Spanglish (2004) After avoiding this one for years due to its bad word-of-mouth, I finally saw it and fell in love with it.  Shows ya what "the experts" know. Successful chef John Clasky (Adam Sandler, remarkably restrained and warm) is having panic attacks over a new restaurant he's opening, his wife (Téa Leoni, remarkably off-putting in a brave performance) is a neurotic control freak, and the only semblance of normalcy in their lives is the insertion of an immigrant housekeeper (the enchanting Paz Vega) and her precocious daughter who acts as interpreter. Again, Brooks takes a situation with high-end professionals and makes them down to Earth with foibles and flaws, but the emphasis here is on responsibility and dedication of duty to the important matters of life. There are the inevitable culture clashes and meldings that put strains on all relationships, but Brooks keeps it entertaining while not ignoring the grit that makes things...interesting. Love this movie.*****

How Do You Know (2010) This one probably should have had the title "Trouble with the Curve" (instead of the Clint Eastwood-Amy Adams movie). It a bit early for Brooks to be repeating himself with the "Who is she going to end up with?" formula from Broadcast News, but that's what How Do You Know most resembles, but without the substantial background of the earlier film. Reese Witherspoon plays a baseballer who is drummed out of the league, while her boyfriend (Owen Wilson) still has a successful career. Meanwhile, Paul Rudd plays an executive who is fired from his father's (Jack Nicholsoncompany due to a federal investigation and is at a loss, professionally and in his love life. Witherspoon and Rudd date, but the results are a disaster. Still, they're drawn to each other in a weird "if we're falling off a cliff, maybe it'd be better to hold hands" way. It feels forced, as with any comparison the movie tries to make between the baseball and corporate milieus, and both worlds are rather sketchily drawn to have any real depth of meaning. It's trying to say something about the trials and tribulations of transitioning between first and second acts in life (post-Wall Street crash) but falls prey to the same problem, dramatically.  Not a very successful film, and it seems to be an issue with the script than with the execution.

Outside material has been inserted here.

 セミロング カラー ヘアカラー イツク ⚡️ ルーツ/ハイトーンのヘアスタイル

Shhhh!  Ba-da-dum-da-dumdum-dah-dumdum

* My favorite: After staff cut-backs at the network, an exec puts on his "bad news" face to ask if there's anything he can do for a laid-off employee.  The old veteran newsie, box-in-hand, pauses and says: " could die soon."

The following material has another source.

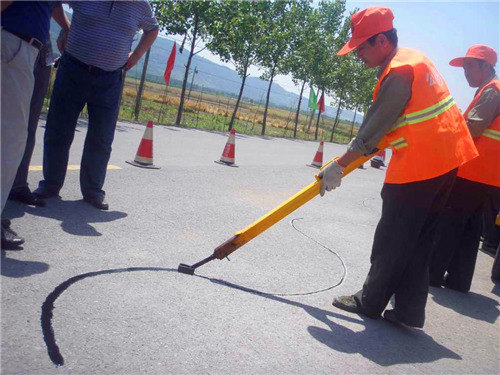 道路灌縫膠灌縫施工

** Yeah, but then, that would depend on the idiosyncratic Prince, who wrote the songs, to give permission to allow that to happen.   Brooks made a documentary about the making and unmaking of this film, but due to the same Prince-ly issue, it has never been released.

*** The situation was brilliantly but succinctly put in my real life by an actor-friend who commented on the life-transforming birth of his daughter: "I thought I was President of the United States. Now, I realize I'm just the Secret Service."  

**** Of COURSE, he writes romance novels!  He has no reality to dim the fantasy!